● **PROBLEM TO SOLVE**
Be exact. Print each record as it stands.

Items from a data source:
--- START ---

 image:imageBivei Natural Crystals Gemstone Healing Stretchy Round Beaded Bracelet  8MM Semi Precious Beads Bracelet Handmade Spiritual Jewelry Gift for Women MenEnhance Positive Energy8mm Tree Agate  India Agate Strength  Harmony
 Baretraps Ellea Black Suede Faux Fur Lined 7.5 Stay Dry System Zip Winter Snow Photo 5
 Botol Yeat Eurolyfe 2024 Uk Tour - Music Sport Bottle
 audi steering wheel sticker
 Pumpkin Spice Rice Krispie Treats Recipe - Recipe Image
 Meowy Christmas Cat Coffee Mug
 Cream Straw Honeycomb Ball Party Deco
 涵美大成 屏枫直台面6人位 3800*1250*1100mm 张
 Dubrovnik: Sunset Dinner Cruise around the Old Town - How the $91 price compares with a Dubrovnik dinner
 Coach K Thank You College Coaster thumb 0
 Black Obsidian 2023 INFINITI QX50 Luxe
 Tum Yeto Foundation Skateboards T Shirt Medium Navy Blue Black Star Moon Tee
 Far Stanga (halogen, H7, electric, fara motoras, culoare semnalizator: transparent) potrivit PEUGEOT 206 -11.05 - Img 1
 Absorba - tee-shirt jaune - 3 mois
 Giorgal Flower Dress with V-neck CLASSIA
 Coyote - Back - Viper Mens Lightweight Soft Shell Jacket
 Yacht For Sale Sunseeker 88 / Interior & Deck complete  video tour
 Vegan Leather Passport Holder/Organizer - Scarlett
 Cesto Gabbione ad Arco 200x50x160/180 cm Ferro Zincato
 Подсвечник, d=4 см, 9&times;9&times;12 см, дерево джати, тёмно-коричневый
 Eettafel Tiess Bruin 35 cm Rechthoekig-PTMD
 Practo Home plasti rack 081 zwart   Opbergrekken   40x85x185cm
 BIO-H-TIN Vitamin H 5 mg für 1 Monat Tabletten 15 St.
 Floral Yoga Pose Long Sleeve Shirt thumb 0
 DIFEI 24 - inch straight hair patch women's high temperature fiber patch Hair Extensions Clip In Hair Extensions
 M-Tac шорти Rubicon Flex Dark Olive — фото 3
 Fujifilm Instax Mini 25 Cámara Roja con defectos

--- END ---

● **FINAL ANSWER**
 image:imageBivei Natural Crystals Gemstone Healing Stretchy Round Beaded Bracelet  8MM Semi Precious Beads Bracelet Handmade Spiritual Jewelry Gift for Women MenEnhance Positive Energy8mm Tree Agate  India Agate Strength  Harmony
 Baretraps Ellea Black Suede Faux Fur Lined 7.5 Stay Dry System Zip Winter Snow Photo 5
 Botol Yeat Eurolyfe 2024 Uk Tour - Music Sport Bottle
 audi steering wheel sticker
 Pumpkin Spice Rice Krispie Treats Recipe - Recipe Image
 Meowy Christmas Cat Coffee Mug
 Cream Straw Honeycomb Ball Party Deco
 涵美大成 屏枫直台面6人位 3800*1250*1100mm 张
 Dubrovnik: Sunset Dinner Cruise around the Old Town - How the $91 price compares with a Dubrovnik dinner
 Coach K Thank You College Coaster thumb 0
 Black Obsidian 2023 INFINITI QX50 Luxe
 Tum Yeto Foundation Skateboards T Shirt Medium Navy Blue Black Star Moon Tee
 Far Stanga (halogen, H7, electric, fara motoras, culoare semnalizator: transparent) potrivit PEUGEOT 206 -11.05 - Img 1
 Absorba - tee-shirt jaune - 3 mois
 Giorgal Flower Dress with V-neck CLASSIA
 Coyote - Back - Viper Mens Lightweight Soft Shell Jacket
 Yacht For Sale Sunseeker 88 / Interior & Deck complete  video tour
 Vegan Leather Passport Holder/Organizer - Scarlett
 Cesto Gabbione ad Arco 200x50x160/180 cm Ferro Zincato
 Подсвечник, d=4 см, 9&times;9&times;12 см, дерево джати, тёмно-коричневый
 Eettafel Tiess Bruin 35 cm Rechthoekig-PTMD
 Practo Home plasti rack 081 zwart   Opbergrekken   40x85x185cm
 BIO-H-TIN Vitamin H 5 mg für 1 Monat Tabletten 15 St.
 Floral Yoga Pose Long Sleeve Shirt thumb 0
 DIFEI 24 - inch straight hair patch women's high temperature fiber patch Hair Extensions Clip In Hair Extensions
 M-Tac шорти Rubicon Flex Dark Olive — фото 3
 Fujifilm Instax Mini 25 Cámara Roja con defectos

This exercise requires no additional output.